How to manage auto scaling groups?


I am investigating to deploy the full TICK platform, mostly comparing it with a Prometheus based solution.

Something I found really easy to configure with Prometheus was to setup auto discovery on our Google Cloud project. I didn’t find very explicit documentation on how to do it on Kapacitor, I just found this page: Scraping and discovery | Kapacitor 1.5 Documentation

The idea would be that it would not alert when instances are deleted from an autoscaling group, as it will be done and not push any new metrics. I don’t know if this would be possible ? How would you do this ?

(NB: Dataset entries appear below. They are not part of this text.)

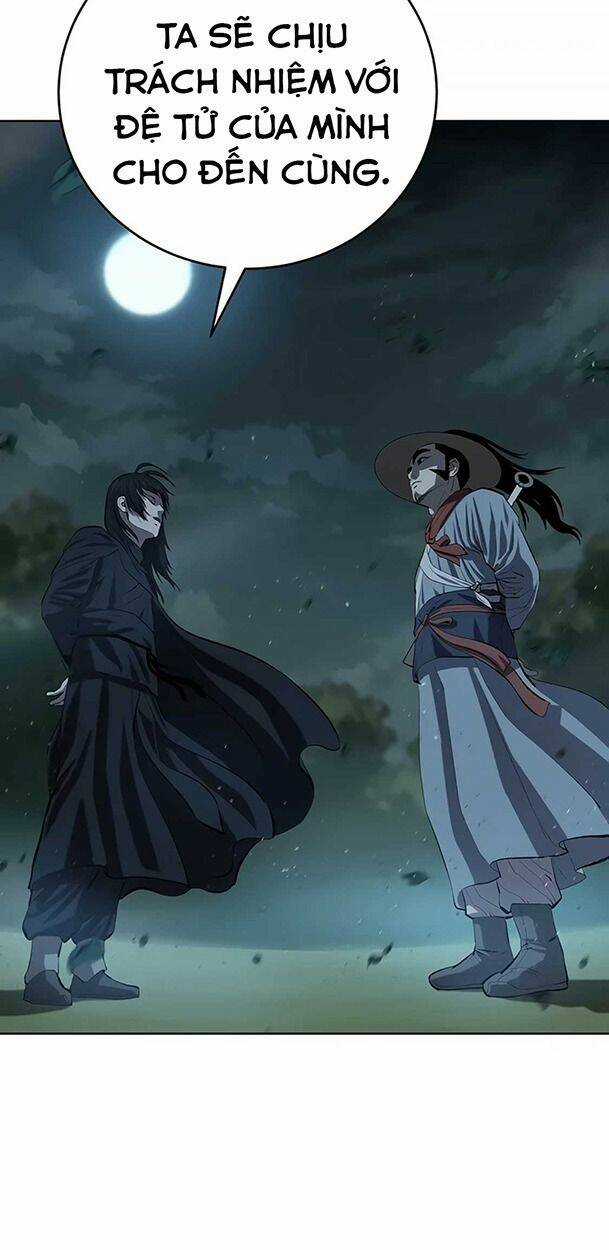 Sư Phụ Quỷ Diện Chapter 77 trang 55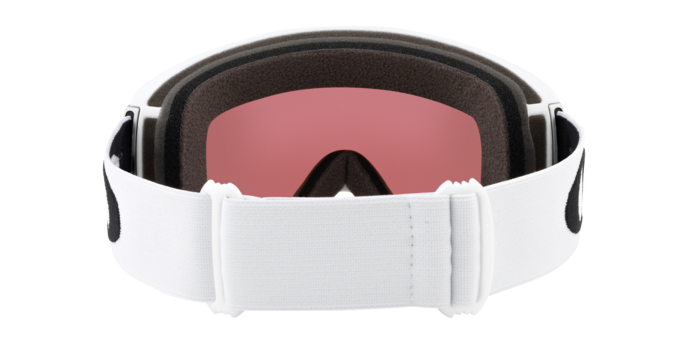 Oakley Canopy OO7047 704750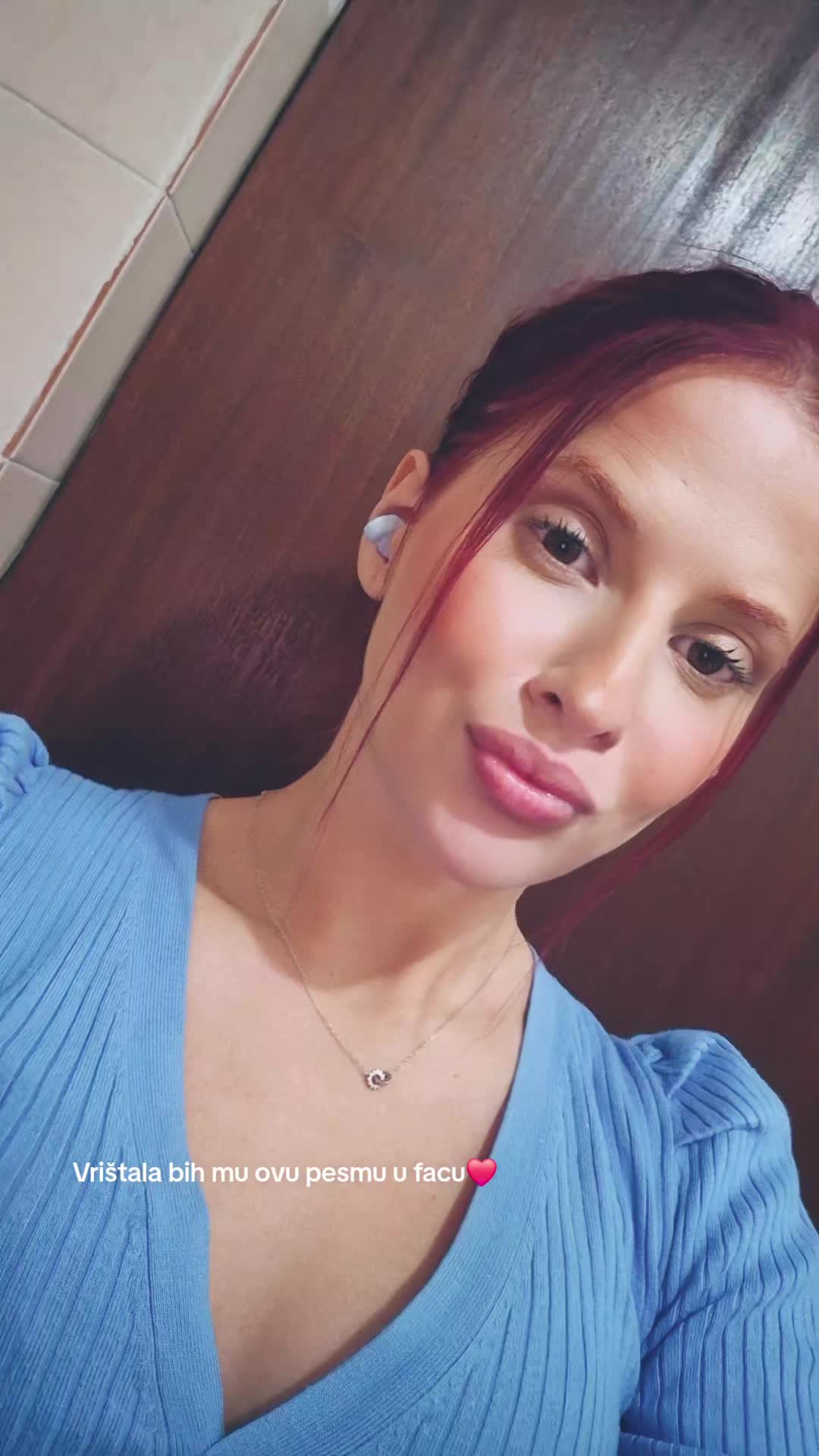 @hercegovac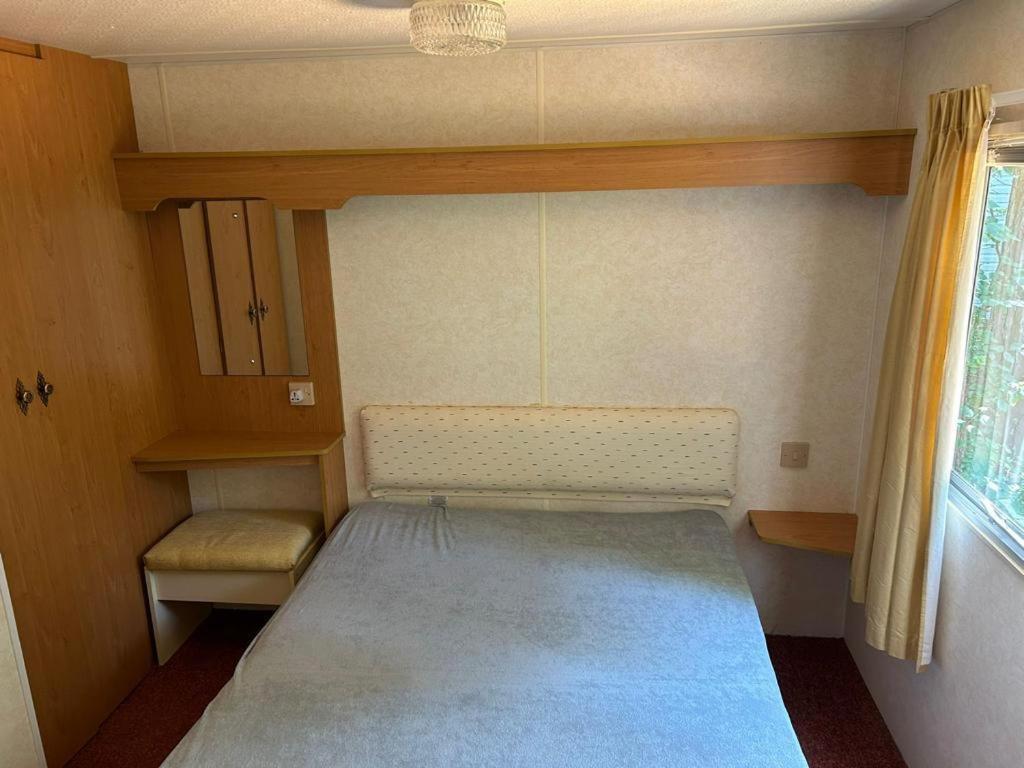 Your Camp Kormoran Holender Хель Экстерьер фото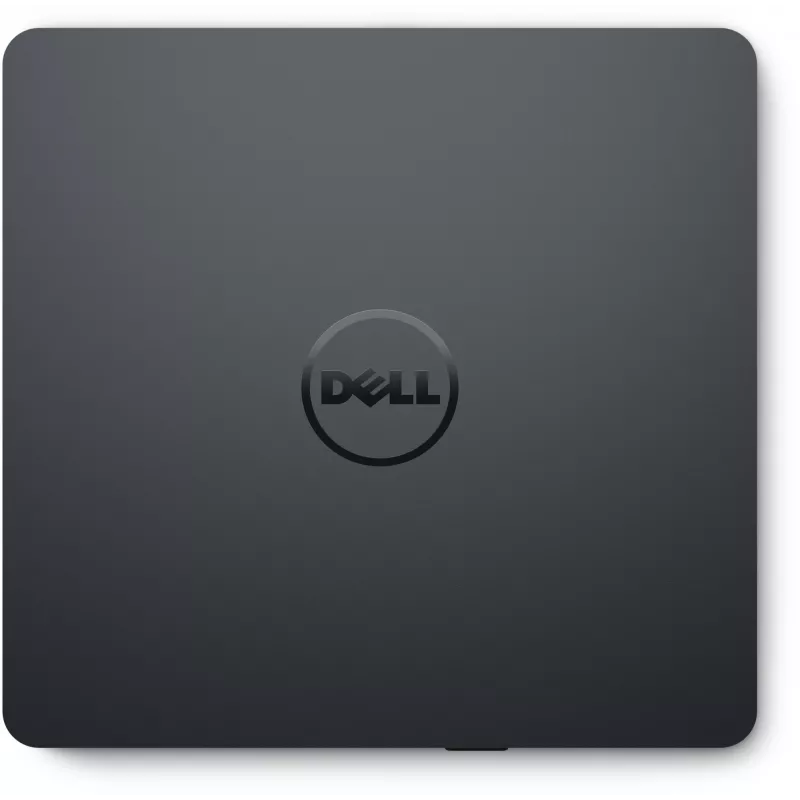 DELL DW316 Unità ottica DVD±RW Nero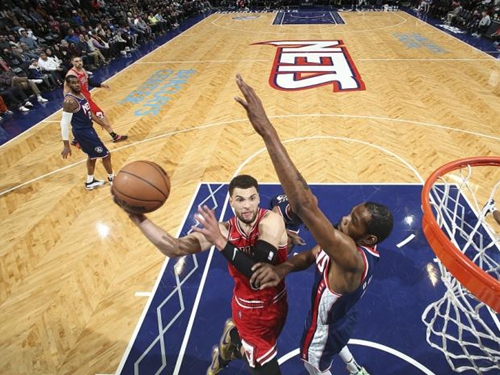 继续写一篇 继续写一篇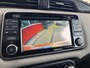 Nissan Micra 0.9 IG-T 90pk Tekna Bose Cam Full-0pt! All-in prijs + 12 mnd garantie.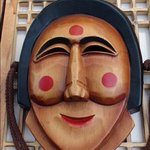 [EXO] 오세훈 일코짤 <b>뿌림</b>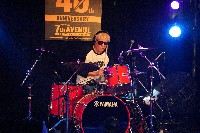 [A9_00289.JPG]
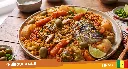 Sénégal - THIÉBOUDIENNE.webp
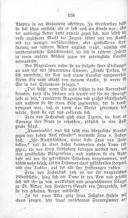 Seite 164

So I’ve been taking a deeper look at the page.
If I understand right, in this case, the data is not pushed to InfluxDB as usual but Kapacitor will pull the data from the discovered nodes, and only using Prometheus compatible exporters ?

Then I suppose to be able to reuse the dashboards and everything I would have to use this outputs on the telegraf installed on my instances in the autoscaling group ?

Am I understanding right ? Then what would happen when the node is destroyed by autoscaler ?
Is there any example of TICKscript for this kind of application ?


I’ll leave the answer to your Kapacitor-specific questions to someone who is more familiar with that version of Prometheus metrics collection and auto-discovery. However, from another angle, have you looked into using Telegraf for this use case instead of Kapacitor, altogether?

Telegraf has a plugin for this and can be run as a Daemonset in a pod. While it doesn’t technically “auto-discover” (yet…that’s scheduled for the next feature release of Telegraf, I believe), it can run as part of every pod and configured to pull metrics from each service/container in that pod. If run that way, it will act as auto-discovery. The benefit of this is multi-faceted:

  1. This is a push-based solution so you can feasibly gather the metrics faster.

  2. It applies to more than just Prometheus metrics. If you are running other services in these pods, Telegraf can pull those metrics the same way.

  3. Telegraf is a framework for best practices with regard to InfluxDB. It has built-in features to optimize the way the data is pushed to the database such as sorting tags, retries, configurable polling intervals and flush intervals, aggregations, etc.